Cairoli And De Carli

 

Set your mind back to April 15 and 16 2017. On a cool day in spring, around the beautiful Pietramurata circuit in Trentino, Italy, Antonio Cairoli put another notch on his already incredible career.

On a track that is probably one of the most difficult to ride, with its tiny layout, and pebble covered ground the Sicilian giant raced away to an opening moto win. It was typical Cairoli, a lightning start, and with the wind in his face he dominated his fellow MXGP competition.

In victory in that first race, and putting defending world MXGP champion Tim Gajser in his shadows, the Red Bull KTM factory rider gave notice that he wanted his championship back. But it wasn’t that first moto win that shows his real metal. 

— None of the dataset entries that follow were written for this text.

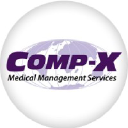 compxmedical.com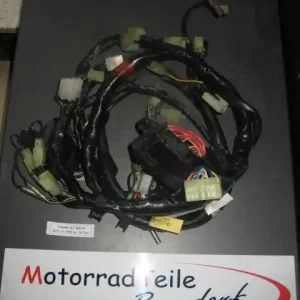 Yamaha XJ 600 RJ01 Kabelbaum Rabatt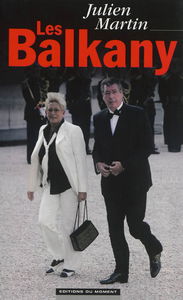 Les Balkany
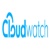 Cloudwatch Logotype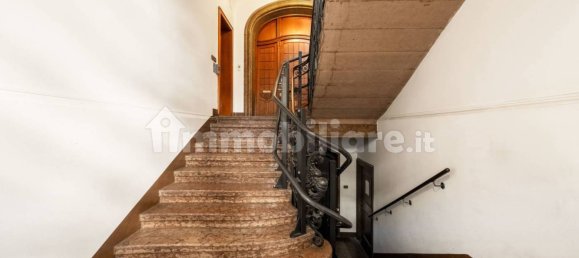 2 bedrooms Apartment in Trentino-Alto Adige, Italy No. 64159 13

Cairoli is known for this type of performance, and on a track like Pietramurata, the start is everything. Just ask Jeffrey Herlings, who started around 20th in that first race and finished in 14th, or 2015 MXGP champion, Romain Febvre who started ninth and finished eight.

No, the legend of Antonio Cairoli wasn’t built on just winning from the front, and his second moto in Trentino proved that.

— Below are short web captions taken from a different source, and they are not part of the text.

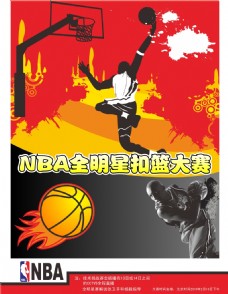 可以发现以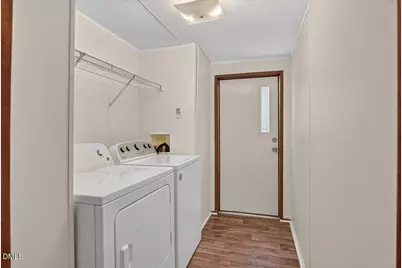 441 Hunter Road, Henderson, NC 27537 - Photo 20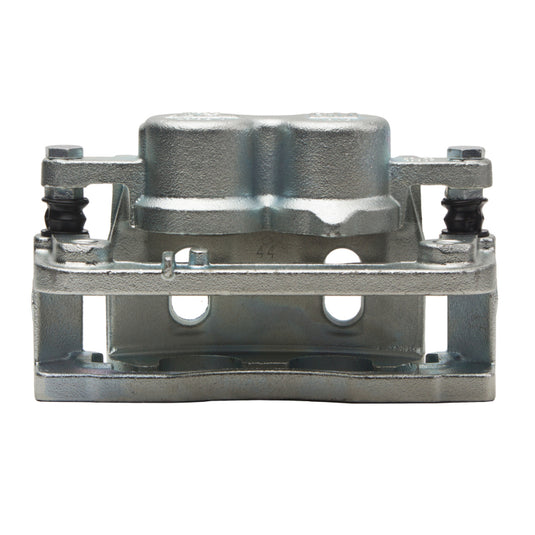 Dfc 331-47214 DFC Premium Calipers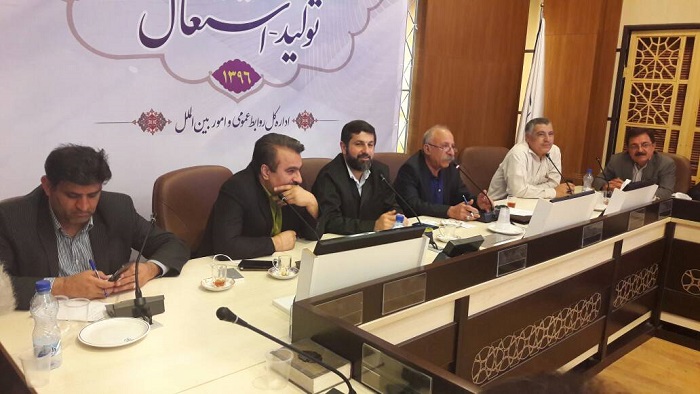 شریعتی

Down in the second corner the Sicilian was back in around 22nd place, and his legendary charge began. First some riders went down and he weaved his way through the mele. He struggled for some laps, trying to pass Damien Graulus, first past Graulus, then Butron, Strijbos, Van Horebeek, and Nagl.

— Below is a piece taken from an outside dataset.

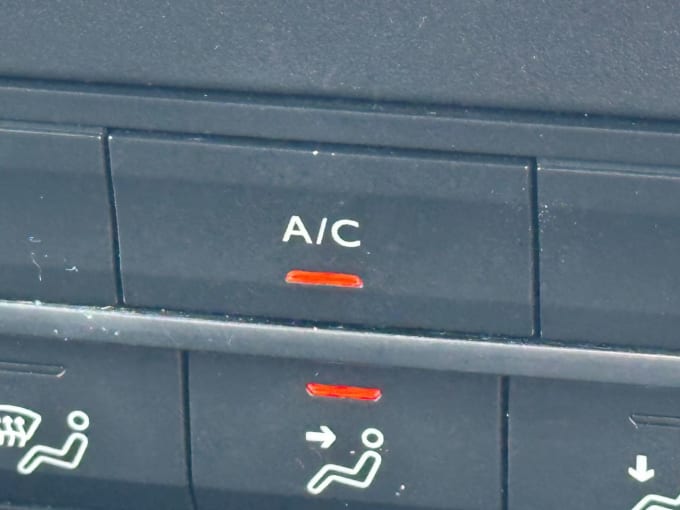 2025 Citroen Berlingo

With the GP overall still possible the Italian got another motivation as he then lached onto the back wheel of Arnaud Tonus, and this is when the fun began. A beautifully timed pass on the Yamaha rider saw him move into sixth place.

Still ahead were Gajser, Bobryshev, Herlings, Desalle and Paulin, the big bangers of the MXGP class. That just inspired Cairoli, and he set all but Gajser up in the very same corner he has passed Tonus. This wasn’t just any race, this was a race for the times, one for the record books. Cairoli also thought so.

“One of my best races,” Cairoli said. “Maybe the best GP ever, the most emotional. When I got to seventh or eighth place I saw the group in front and thought it was possible to catch Bobryshev for the overall win and kept pushing and pushing and making passes. I had some sketchy moments but that is part of racing, if you want to win you have to take risks. I gave everything in the last ten minutes.”

The GP overall came his away, he extended his championship points lead and moved onto Valkenswaard a week later.

This year it won't be Valkenswaard they head to, but Portugal, and you can be sure, Cairoli, in the toughest battle of his legendary career, his fight with super talented Jeffrey Herlings will give him that extra motivation that Trentino did in 2017. Victory at the end of the day and season is all he seeks.